◆ **Exercise objective**:
The material below contains a line with "Finca i Calaceite, Teruel, Calaceite" and a line with "Medium Photo #15". Copy exactly those two lines and all lines between them.

◆ **Provided records**:

- - - -

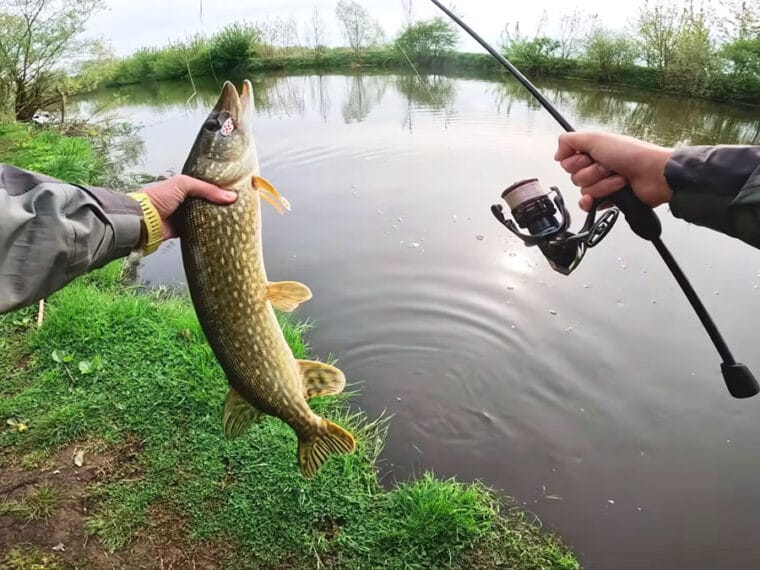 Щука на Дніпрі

- - - -

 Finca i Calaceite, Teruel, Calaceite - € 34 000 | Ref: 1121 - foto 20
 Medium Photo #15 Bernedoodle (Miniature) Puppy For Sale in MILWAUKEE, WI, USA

- - - -

◆ **Solution to the problem**:
 Finca i Calaceite, Teruel, Calaceite - € 34 000 | Ref: 1121 - foto 20
 Medium Photo #15 Bernedoodle (Miniature) Puppy For Sale in MILWAUKEE, WI, USA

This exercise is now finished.